This sounds weird and un-American to say: Maybe we should first play a season with conference realignment before deciding if the 12-team format is needed.

While the BCS and the four-team CFP aren’t/weren’t perfect formats, it’s hard to argue against their effectiveness. Parity rarely exists in college football because the best programs are so far ahead of everybody else. Six to eight universities trade spots every year, and there are so few egregious snubs that anything more than a field of eight is an overcorrection.

The Big Ten and the SEC will be so beat up this time next year, 24 teams will have records worthy of an argument. There will be so much bitching about the standings that Jim Harbaugh could kidnap Ryan Day and nobody would say a word. What’s the over/under for undefeated teams in Week 11 next season? Three? Four?

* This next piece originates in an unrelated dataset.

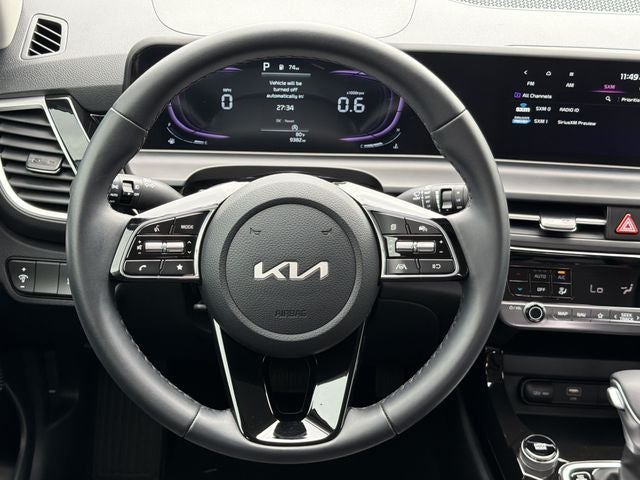 2025 Kia Seltos S Certified Pre-Owned!!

Have you looked at the Big Ten schedule next year? How about the SEC? It’s comical.

This isn’t an injection of equality; it’s anarchy. While I personally don’t mind because this is the only way my team has a shot at making a playoff, the current format is working. Yeah, it’s held together with duct tape, spit, and hubris, but it’s working.

Twelve teams will be pure chaos. How long before a three- to four-loss school sues the NCAA for getting left out? This is football. The field is as big as it’s going to get, with the big boys slated to knock each other around all season, so the answer can’t be more expansion. That would be criminal (which is to say, don’t put it past them).

This year’s standings aren’t going to translate because 2024 will be f*cked according to traditional metrics. Usually, the pursuit of a title ends when a program loses its second game. That was the agreed-upon threshold, and it only had to bend on occasion.

Maybe it’ll hold true for the Big 12 and ACC’s top teams, whoever they may be, but say one of those schools loses two games with an objectively easier schedule. Will they be afforded the same leeway as a two- or even three-loss SEC or B1G team?

I’ve posed 15 million unanswerable questions, all of which the goons over at the NCAA have no idea how to address, if they’ve thought about them at all. I can’t wait until coaches spend more time making their case on ESPN than in the locker room.

Picking a 12-team bracket will come down to public perception, with people citing intangibles, and recruiting rankings as justification for a golden ticket. Untapped potential and undefined auras aren’t concrete, and thus can’t be measured.

The NCAA has a mystifying ability to take something that’s working — be it college football or March Madness — break it in the name of revenue growth, and twist it until it’s an ATM. I’m afraid of what awaits college football fans in 2024. Not because it’s unknown; because we know exactly what’s in store, and it’s all kinds of dumb.